XML Sitemap Auditor

Chris Green
May 25, 2023
5 min read

Updated: Mar 25, 2024

In an effort to grow my own skills (and provide useful tools/information to the community) I wanted to share a quick script that I've been working on to help you audit XML sitemaps.

NEW - Streamlit App to run this as a web test

A number of people had said they had trouble running this on Windows - I've re-written the app on Streamlit & you can run it below!
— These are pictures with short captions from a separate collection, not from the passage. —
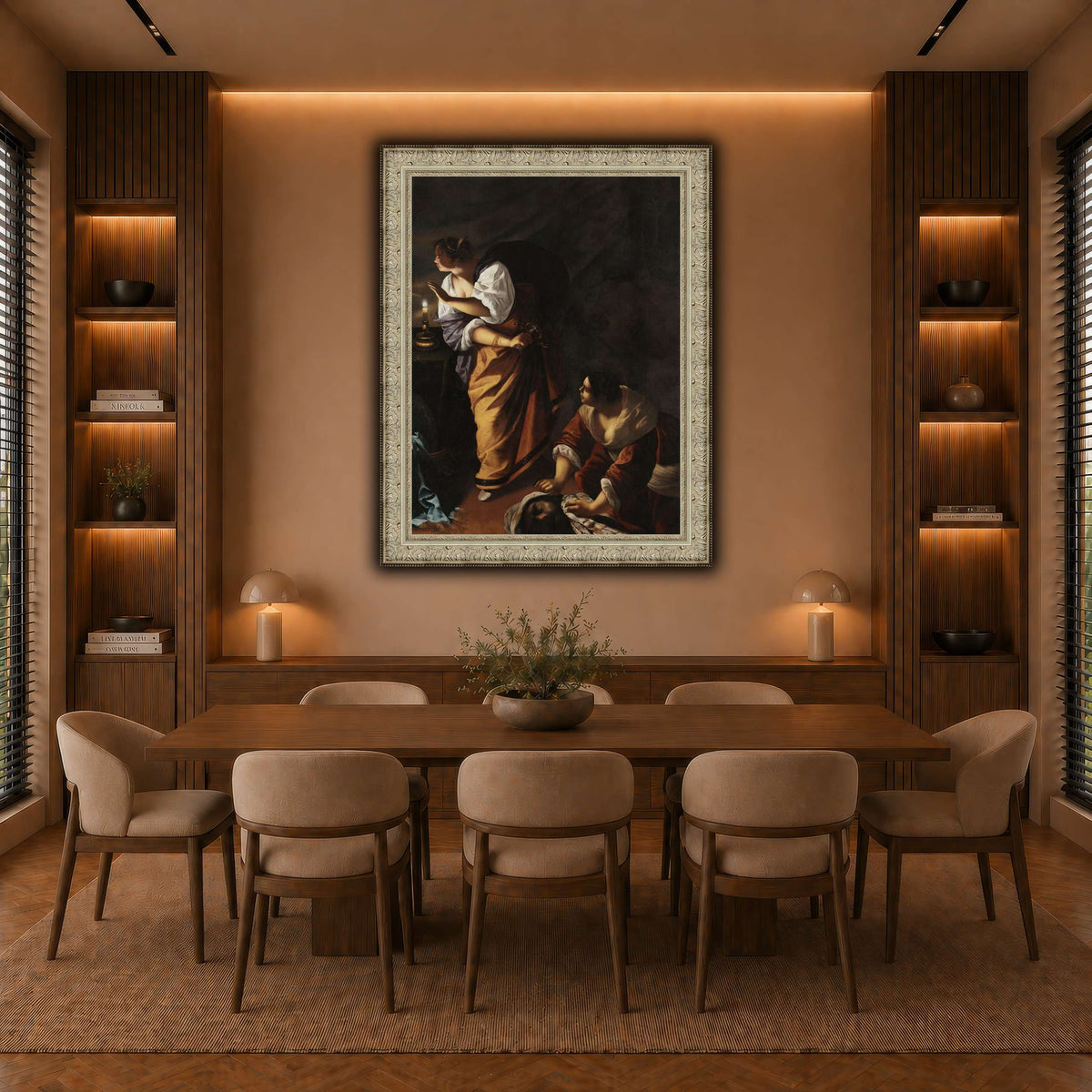 17 warm-dining room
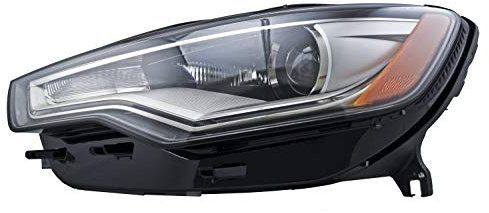 HELLA 1EL 011 150-391 LED/Bi-Xenon-Hauptscheinwerfer - SAE - für Rechtsverkehr - vorne links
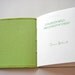Perpetual Calendar Book in Spanish, Pistachio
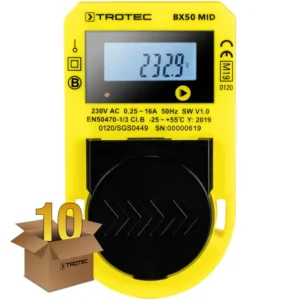 Energiakulu mõõtur BX50 MID (pakis 10 tk)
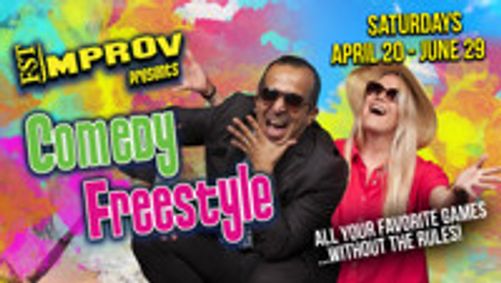 FST Improv Presents: Comedy Freestyle show poster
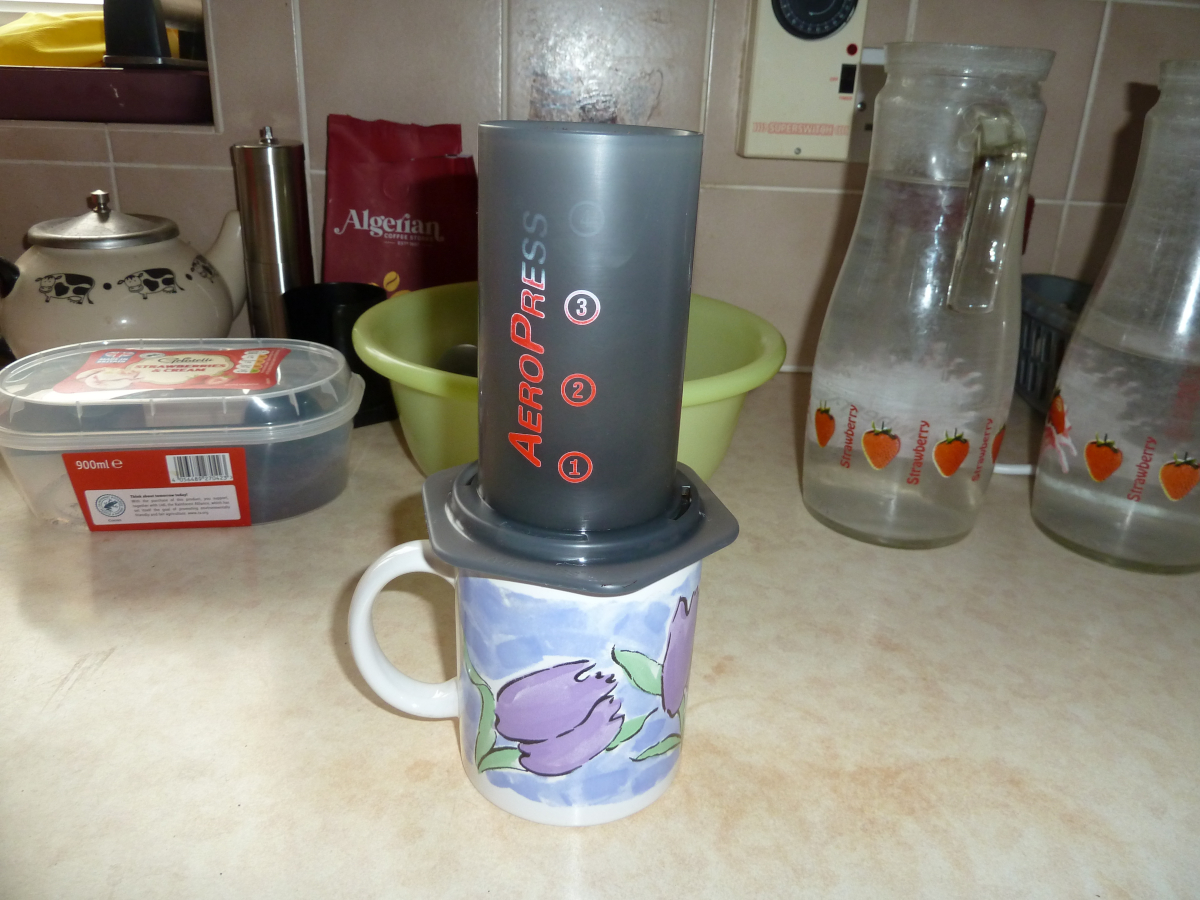 Photo of the AeroPress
The app will display all the URLs it has processed and will drop in a download button when done - so keep scrolling to find it!

This is still in testing, so please let me know of any issues!

In this Post:

- What does it do?

- Why a separate auditor?

- Mac OS Sitemap Analyser Script

- Questions/Comments & Feedback Welcome!

The objectives of this audit are:

To judge the overall XML sitemap help for the sitemap quickly & without the need for third-party software
Understand which pages are "non-compliant" for SEO - i.e. shouldn't be there!
Produce a CSV that is easy to work with/share with teams who can help fix the issue.
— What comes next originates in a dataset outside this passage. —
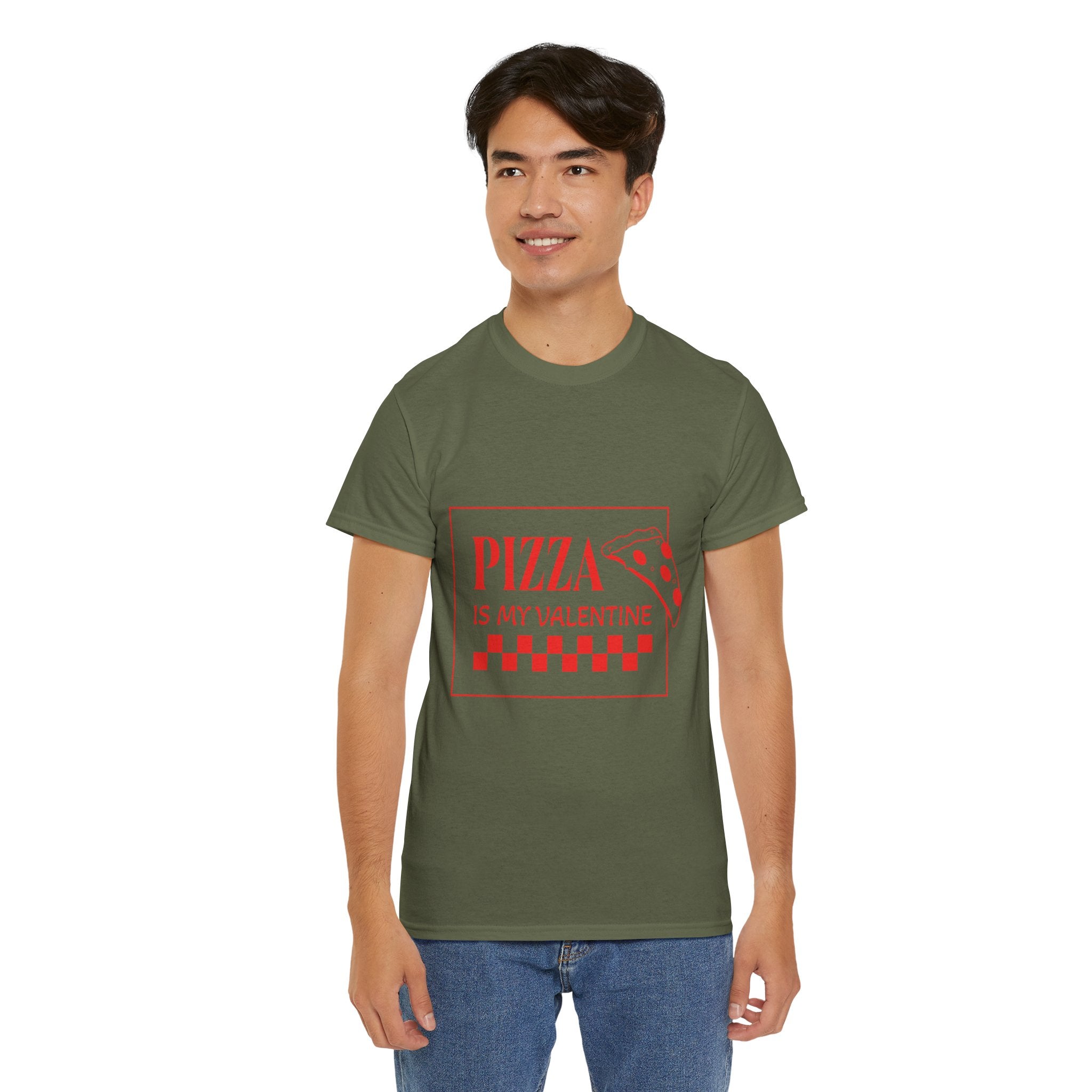 Pizza Is My Valentine T‑Shirt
So a lightweight auditing script that I hope could be useful to you - and was quite an fun/interesting experience to build and test.
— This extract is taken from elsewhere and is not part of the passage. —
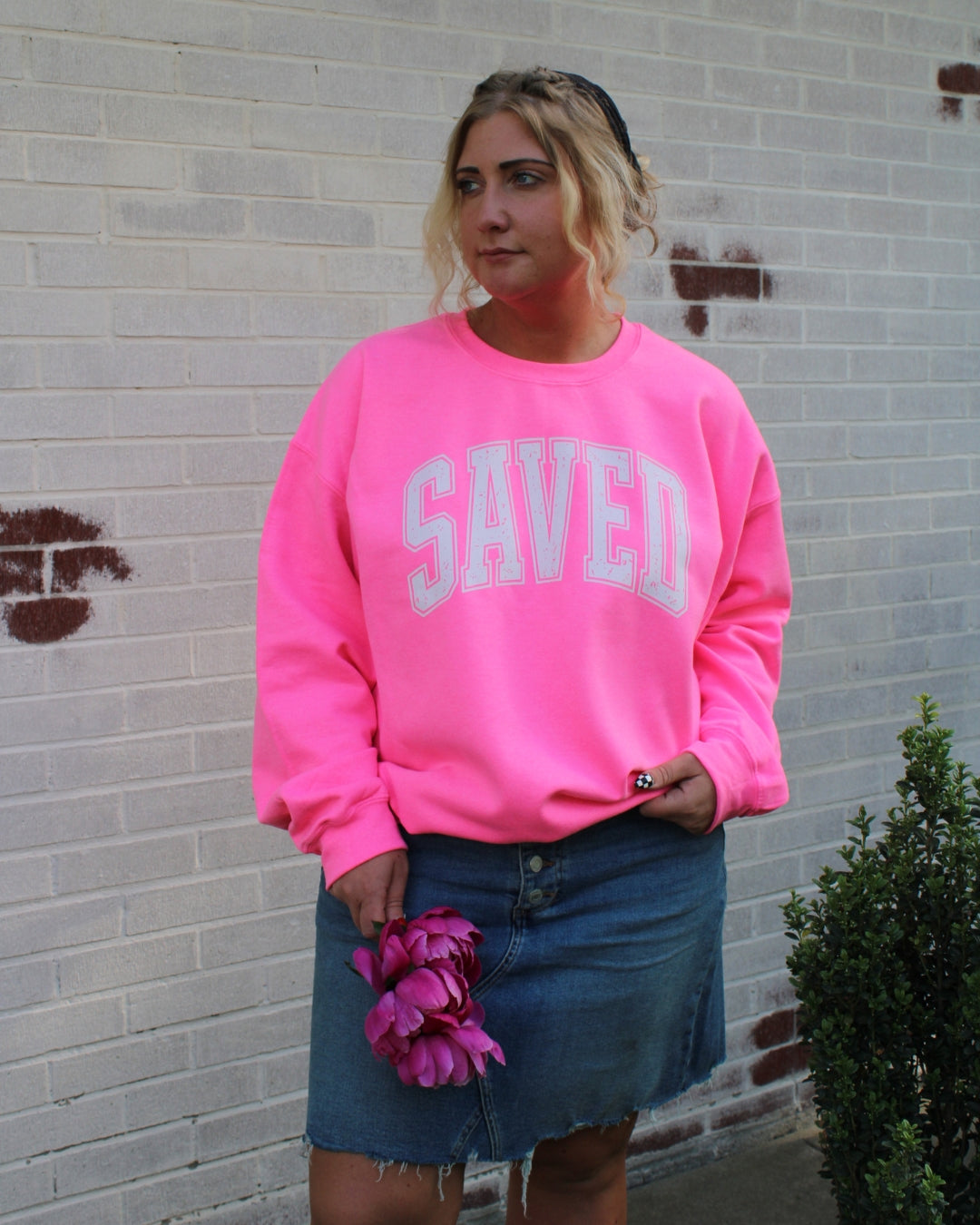 SAVED Crewneck Sweatshirt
This is currently just for MacOS, if enough people bug me I'll work out the best way to build a Windows-specific one.

What does it do?

Quite simply, this code:

Fetches an XML sitemap
Parses the list of URLs
Crawls the URLs and checks the response code, canonical tag & meta robots tag
Outputs the data to a CSV
If the sitemap is an index, it should loop through the subsequent XML sitemaps
You can also set a user agent to crawl the site with - sometimes just a CURL request gets blocked, so a Chrome or Googlebot user agent can be set.

The output CSV will look something like this:

You can see that I have a field "canonical match" which evaluates whether the URL matches the canonical - which is handy.

There are a few improvements I can think of to add for this specific workflow - but this does well for what I need it for.

Why a Separate Auditor?

"Don't you have enough tools already?" Yes, maybe...

But since I have gotten more familiar with Terminal and working with Bash I have found that tasks that I need to repeat often can be done more quickly than with Screaming Frog or Sitebulb (both tools I am very fond of).

This script is something I wrote after the project where it was needed - for that, I did use desktop auditors and managed just fine. But part of my own curiosity around these things was to see if I could build something that could do the job and streamline the workflow.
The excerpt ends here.